Working in white Carrara marble on a stone pedestal, Smith’s figures (all works 2022) are resting, seated or standing, but regardless of position, startlingly compressed. The result is beautiful, strange and compelling work that resonates with our fraught present times. Beset by climate change, wars, inflation and other global problems, as well as America’s innate political and cultural stressors, a viewer might well feel as if the weight of the world was compressing body and soul much as these images are constrained.
Orchestrated and realized as a team effort, Smith conducted this grand rendition working with master carvers, a robot and museum digital research teams. The artist used 3D modeling programs to compress and recreate Hellenic and Baroque sculpture compacted into a cube. This work is homage and emotional statement; where once fine figures stood proud or reclined at ease, these same reshaped figures are confined, changed, altered, and thus redefined.

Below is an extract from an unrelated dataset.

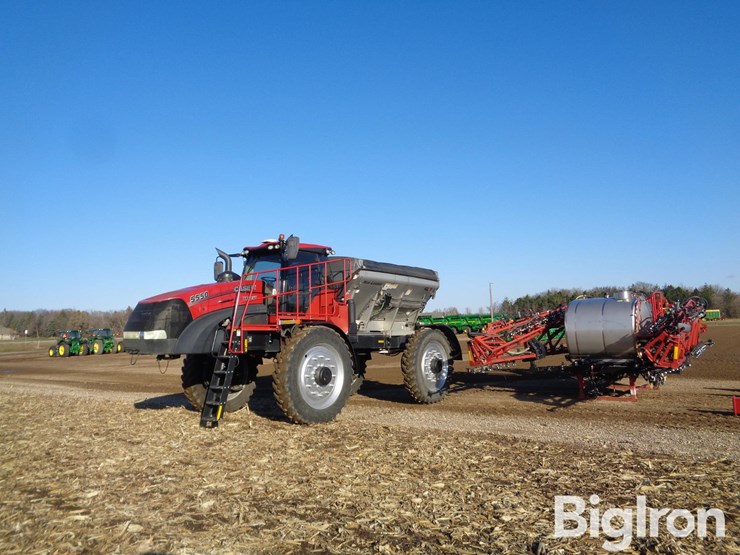 2018-case-ih-trident-5550-image-1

Here are Augustus of Prima Porta, once supine, now cast in an impossible twisted yoga-like pose; Venus and Amor, with Venus’ beauty hidden, face pressed down, as if mourning, comforted by Amor. Even in what appears the depth of despair, her perfect fingers still clutch her apple. David is likewise bent and twisted, face cast down, unready to take on Goliath. Rock and rope remain in hand but clutched now like a child’s blanket. Cupid Triumphant is no longer so, wings compressed, turned inward, unavailable for flight. He is essentially standing on his head, bent double like a crushed butterfly. Apollo of Belvedere is likewise in a convoluted state, foot and hand nearly parallel.
These beautifully rendered figures are forced to fit in the marble boxes they were chiseled from. They amuse and confound, requiring the viewer to decipher not just what figures they are reimagined from, but to become reacquainted with their characters. One cannot view fearless David in quite the same way after seeing him here, in his redefined, agonizingly twisted shape. If this is what we have made of our heroes, our gods long past, what are we to make of ourselves, our futures? For Smith, the humor inherent in reshaping takes precedence over angst and cultural anxiety. Having previously used resin and pasta noodles to reconfigure Greek urns and Meissen vases, his true purpose is engaging viewers to reconsider how they look at these classic forms.

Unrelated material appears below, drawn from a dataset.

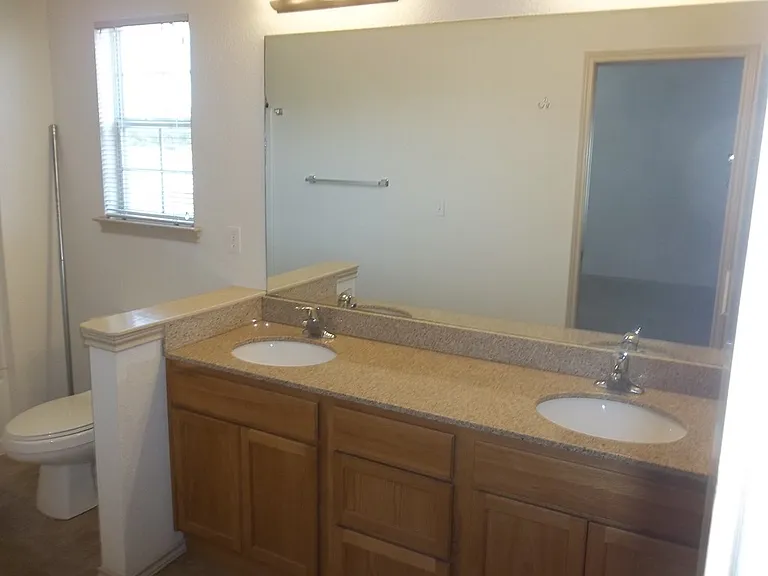 2318C Sailing Way N — Photo 11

Removing the distance and reverence with which we’ve endowed these sculptures over time, crushing it as the exhibition title suggests, we can view the figures more personally, see them in a fresh light, adore not the high regard with which they have been anointed but rather their beautifully realistic human forms. Making these figures vulnerable allows the viewer to witness them more personally, to realize that even within their perfection there is struggle, and alongside their strength is the weakness of being alive. Smith takes these classic forms and locates them in our relatable present.